Cumhurbaşkanlığı hükümet sistemini tam olarak kabullenemeyen siyasi elitler ve örgütlerin direnişlerinin de yerel seçimlerin ardından bitmese de şekil değiştireceği görülüyor. Bütün bunların yanında AKP-MHP çizgisinin yeni anayasa konusundaki cüretlerinin de sınırlarını yerel seçimler belirleyecektir.

Türkiye’yi benzeri otoriter ülkelerden ayıran toplumun seçim alışkanlığı, hevesi ve enerjisidir. Otoriter yönetim gerçeğini bilerek toplumdaki enerjiyi demokratik kurumların tesisi için harcayabilir ise Türkiye’nin demokratik bir zemin oluşturma imkanı hala mevcuttur.
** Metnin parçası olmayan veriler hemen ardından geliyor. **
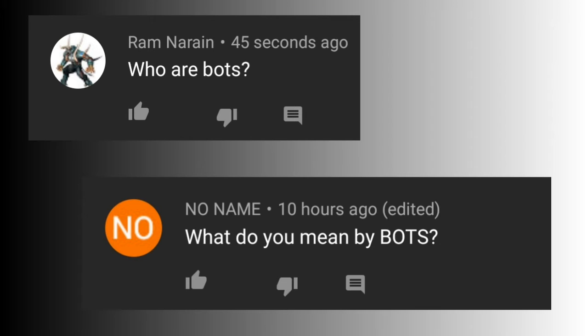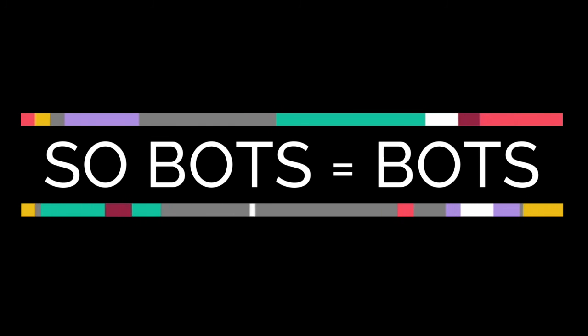And some people ask, what is the bot? Who is the bot? So when we solve this problem and our team came to investigate, we know that the bot is a bot.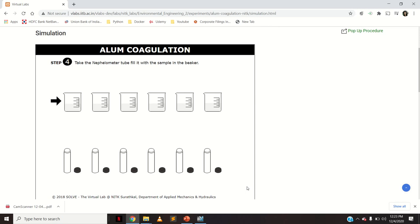After the flocs have settled, the upper layer of water will be clearer. However, you cannot visually determine how much the turbidity has reduced. Before performing this experiment you should know the initial turbidity of the water sample. In all 6 beakers it is the same water sample — only the alum dosage changes. After the experiment, find the turbidity readings of all 6 water samples.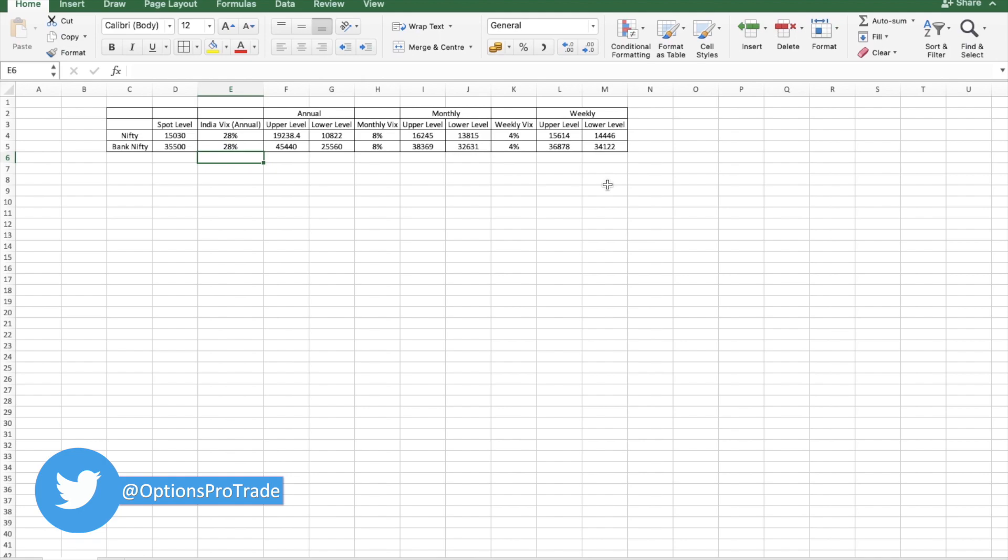Or instead of going for a straddle, you can go for a butterfly kind of thing. But do take hedge if you are really a long-term player.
Bu zeminin oluşmasında 2024 yerel seçimleri etkili olabilir. 2028 seçimleri ve olası anayasa değişikliğinin çerçevesi, sınırları yerel seçimle belirlenecektir.

Sonuç olarak seçimlerin kendisi Türkiye’deki en büyük özgürlük kaynağıdır. Mevcut iktidara alternatif yegane meşruiyet kaynağı olarak seçimlere ihtiyacımız da açıktır. Seçim oyunun otoriter rejimin sınırları içinde oynandığını bilerek ama elde de başka imkan olmadığının farkında bir akılcılık ve temkinle seçimlere sarılmaya devam etmeliyiz.